##### Records provided #####

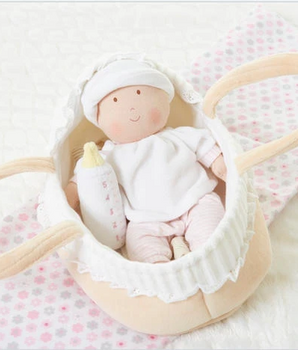 CARRY COT WITH BABY DOLL,  BOTTLE & BLANKET 23CM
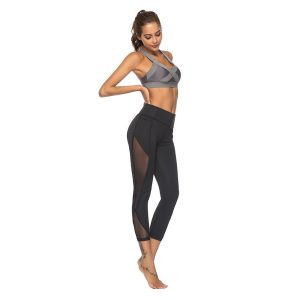 Yoga-Leggings Damen High Waist 7/8 - Leggings mit seitlichen Mesh-Einsätzen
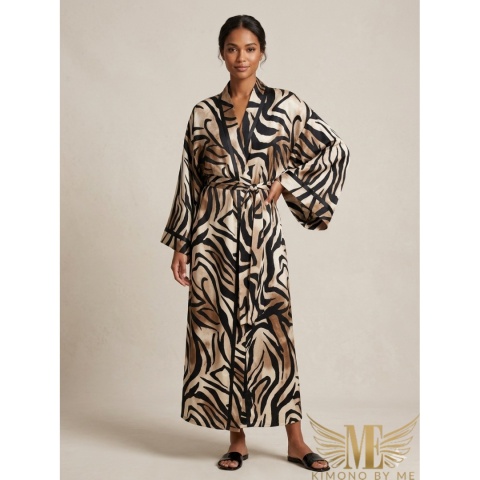 SAVANNA CHIC MAXI Klasyczne długie kimono ze skrzydłami, czekoladowa zebra
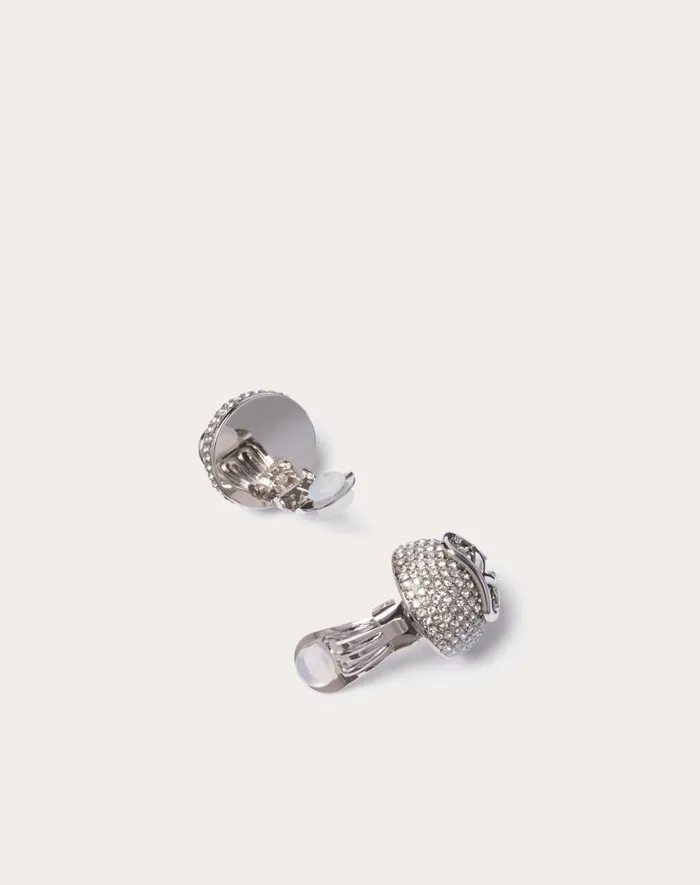 Valentino Jewelry Woman Vlogo Signature Metal And Swarovski Crystal Earrings For Woman In Gold Gold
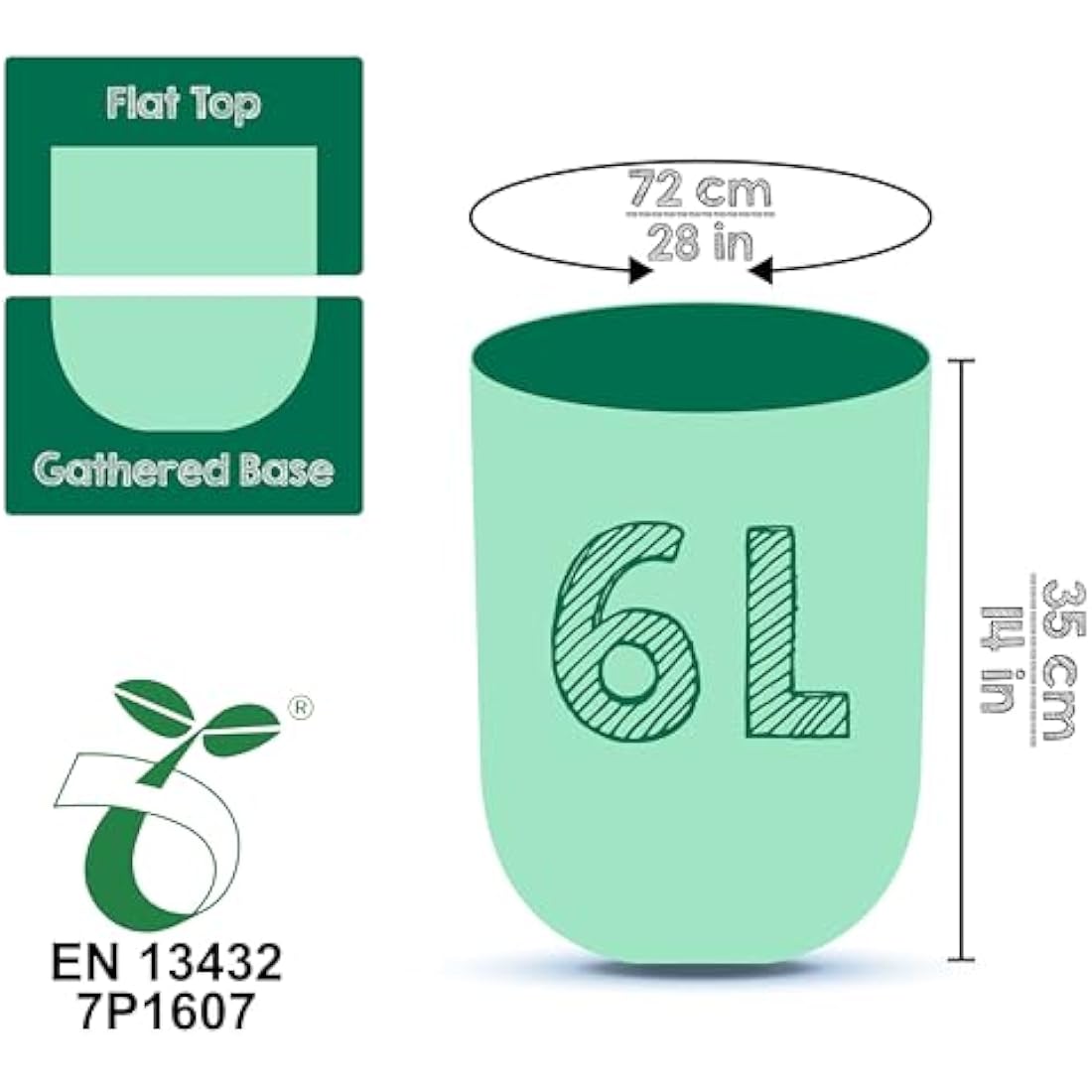 Greener Walker 6L-150Bags 100% Compostable Biodegradable Bin Liners 6L/10L/30L Food Waste Bags with EN13432 Certificate Caddy Kitchen Bin Liners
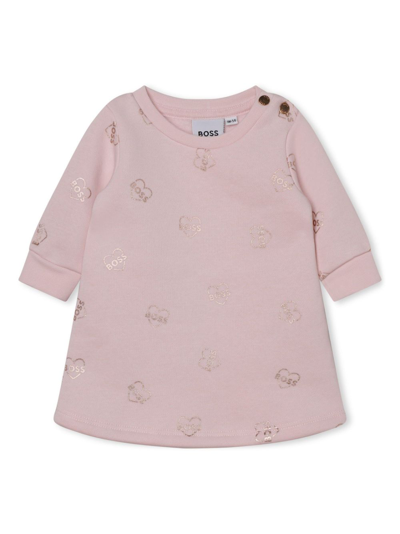 Bosswear Babies' Logo-print Crew-neck Cotton Dress In Pink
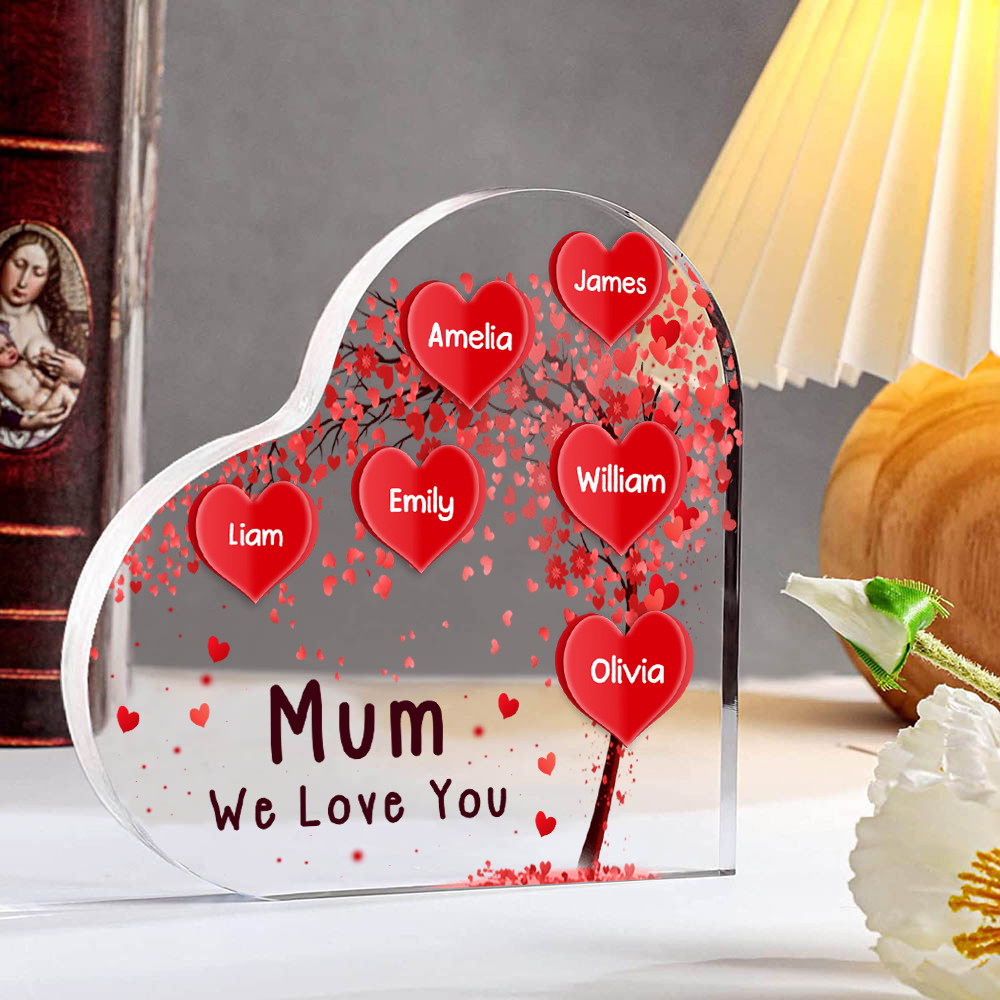A mi mamá/abuela-Placa de acrílico "Corazones" en forma de corazón 6 nombres y 1 texto personalizados-Jessemade ES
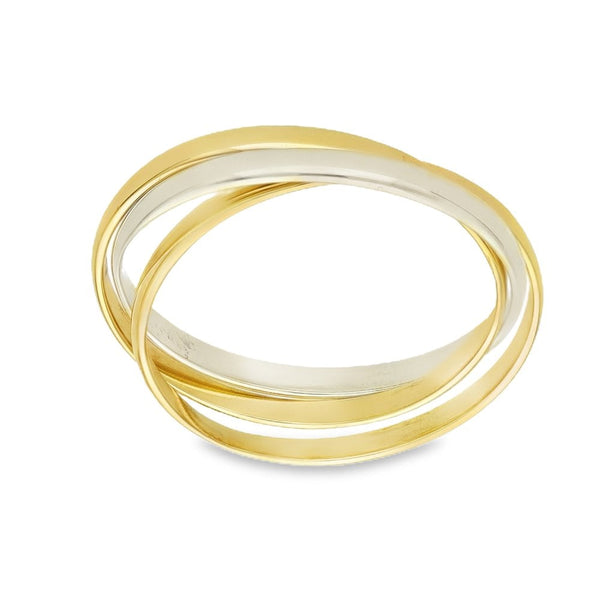 9ct Yellow & White Gold Russian Wedding Ring - Size N - 2mm
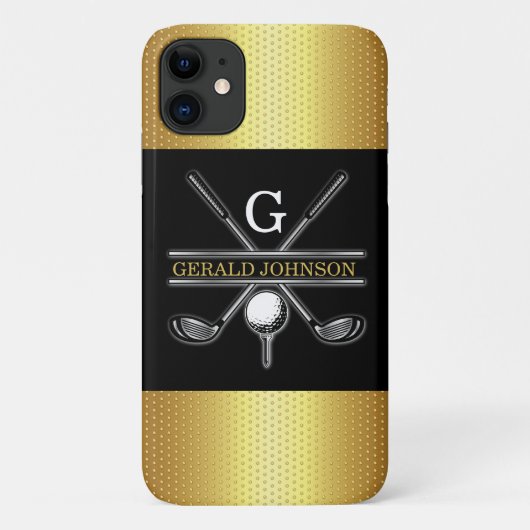 Minimalistisches Elegant Golf Monogram Case-Mate iPhone Hülle (Rückseite)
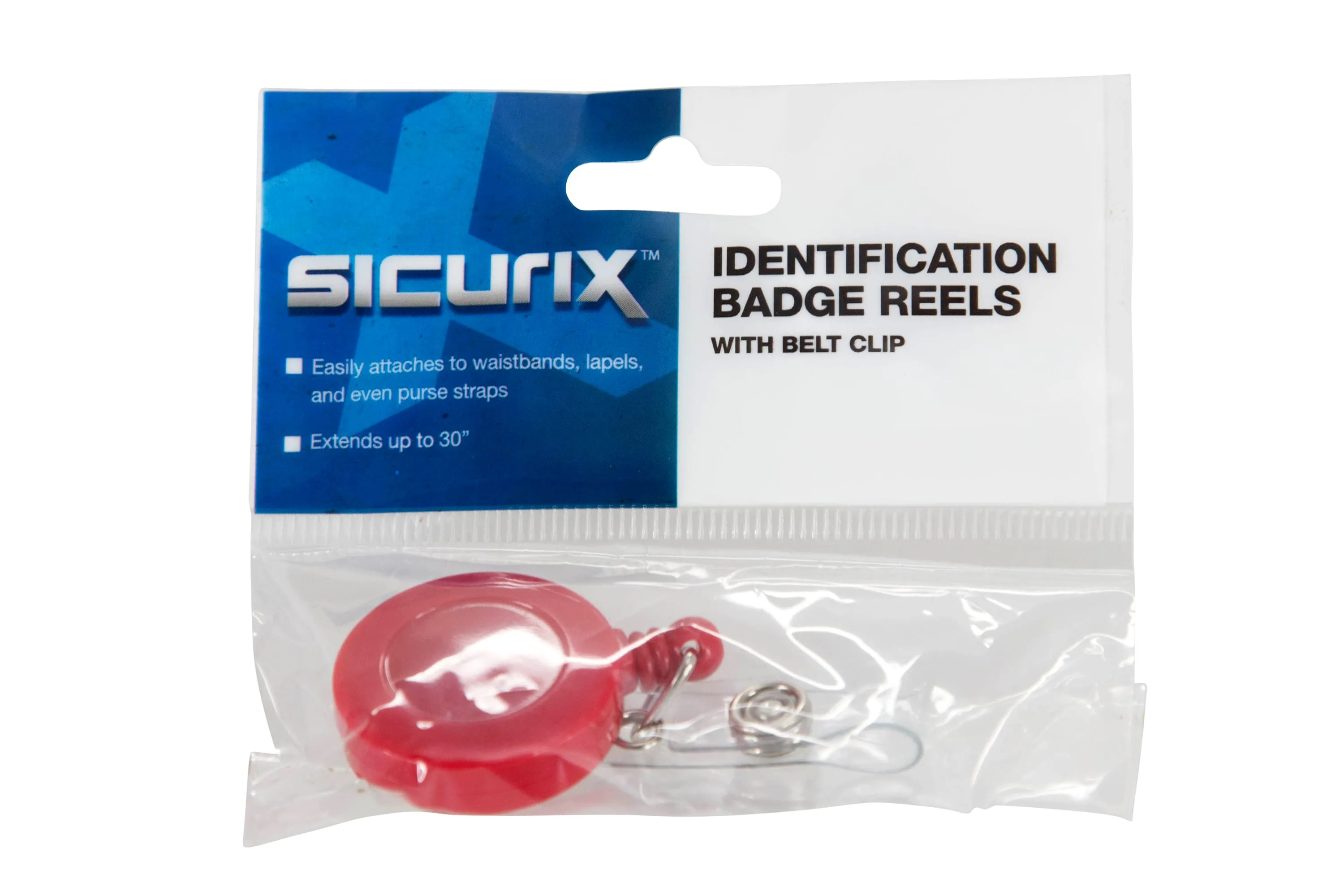 SICURIX Standard ID Badge Reel Round Belt Clip Strap RED (68822)
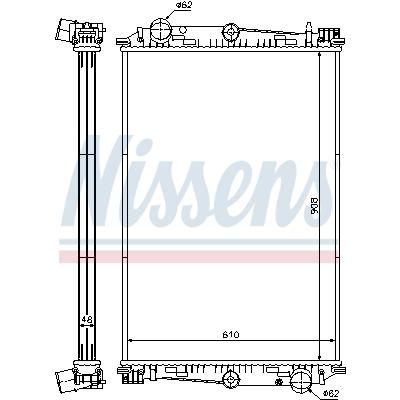 NISSENS Kühler, Motorkühlung Universal mit Dichtungen für DAF 1265522 1341957 1324257 614270 Image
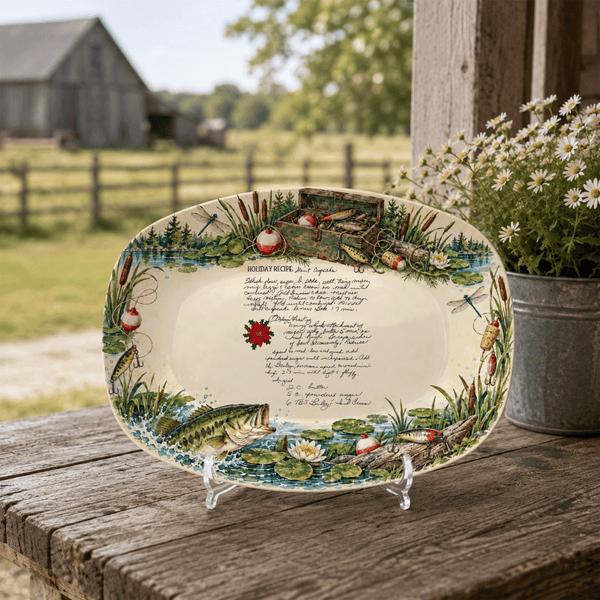 Handwritten Recipe Platter with Fishing Border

#####

What is being asked –
Each line from the start of the entries above through the line with "Valentino Jewelry Woman" should be duplicated exactly, leaving out the pictures.

Solution to the problem –
 CARRY COT WITH BABY DOLL,  BOTTLE & BLANKET 23CM
 Yoga-Leggings Damen High Waist 7/8 - Leggings mit seitlichen Mesh-Einsätzen
 SAVANNA CHIC MAXI Klasyczne długie kimono ze skrzydłami, czekoladowa zebra
 Valentino Jewelry Woman Vlogo Signature Metal And Swarovski Crystal Earrings For Woman In Gold Gold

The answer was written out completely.